2012春闘が実質的にスタート/連合と経団連の春闘をめぐる懇談会

(2012年01月25日 調査・解析部)

[労使]

連合(古賀伸明会長)と経団連(米倉弘昌会長)は25日、都内で懇談会を開催し、これから本格化する春季労使交渉をめぐって意見交換した。連合側は、中小企業での賃金の格差是正の必要性などを強調し、定期昇給にこだわった交渉をしていきたいと主張。経団連側は、労働条件をめぐって一律の対応は困難だとし、あくまでも個別企業ごとに解決していくべきだと反論した。

連合側は会長、会長代行、副会長、事務局長らが出席。経団連側は、会長、副会長、事務総長らが顔を揃えた。

賃金水準を維持する原資として定昇にこだわる/連合

懇談会のなかで連合側は、中小企業の労働条件について触れ、中小企業は賃金、一時金、退職金のどれをとっても大手との格差があると指摘。「賃金の引き上げ幅は大手の定昇よりも低いものの、現行賃金水準を維持する原資として定期昇給にこだわった交渉にしたい」と今春闘に向けての抱負を伝えた。また、定期昇給の実施について、「そもそも習熟度の向上に基づいて実施されるものであり、入社時からの社員との約束事だ」と述べて、定期昇給の負担の重さを主張する経団連側をけん制した。

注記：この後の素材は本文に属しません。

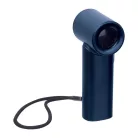 Kézi ventilátor 5 fokozattal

非正規雇用については、「多様な働き方をすべて否定はしないが、多様な働き方であっても均等・均衡処遇は守られなければならず、正社員との理不尽な差別があってはならない」と強調した。また、政治や労使の役割に関連して、「労使で将来を見極め、労使が納得性を持たないといけない。経団連のような企業のトップが集まる団体であれば、日本を将来どうしていくのかということを言及していくべきだ」と意見した。

あくまで個別企業での解決を/経団連

こうした連合側の主張に対し、経団連側は、まず中小企業の労働条件について、中小企業の役割は震災時のサプライチェーンの寸断時の対応をみても重要だと考えているが、業種によっても状況は異なり、一律に議論していくことは難しいと指摘。あくまで個別企業で解決していくべきだと主張した。

非正規雇用の問題については、今のままで良いとは思っていないと言及する一方、正社員へ転換するケースも増えており、正社員と非正規社員を合わせたトータルで人件費を考えていかなくてはいけないと主張。また、法律や規制で非正規雇用の活用を縛っていくべきではないということも併せて述べた。

また、経団連側は、春闘をめぐる情勢認識について、グローバル化の認識で労使に違いがあるとコメント。競争に勝つ観点やグローバル化に適した人材を育成していくことの必要性を訴えた。さらに、現場力も大事だが、適正な配分も考えなくてはならないとし、教育や労働環境の整備、福利厚生といった面での取り組みをあげて、人への投資は実践しているとも訴えた。

なお、エネルギー確保の問題については、連合側は再生エネルギーも大事だが、化石エネルギーも重要だと指摘。原油価格が上昇している状況では労使で一致した取り組みが必要だと発言した。一方、経団連側は、電力確保の問題から国内空洞化を懸念しているとして、先を見越した対応を労使で行うことが必要だと強調。安価に電力を賄うことも必要だとして原子力発電の必要性を訴えた。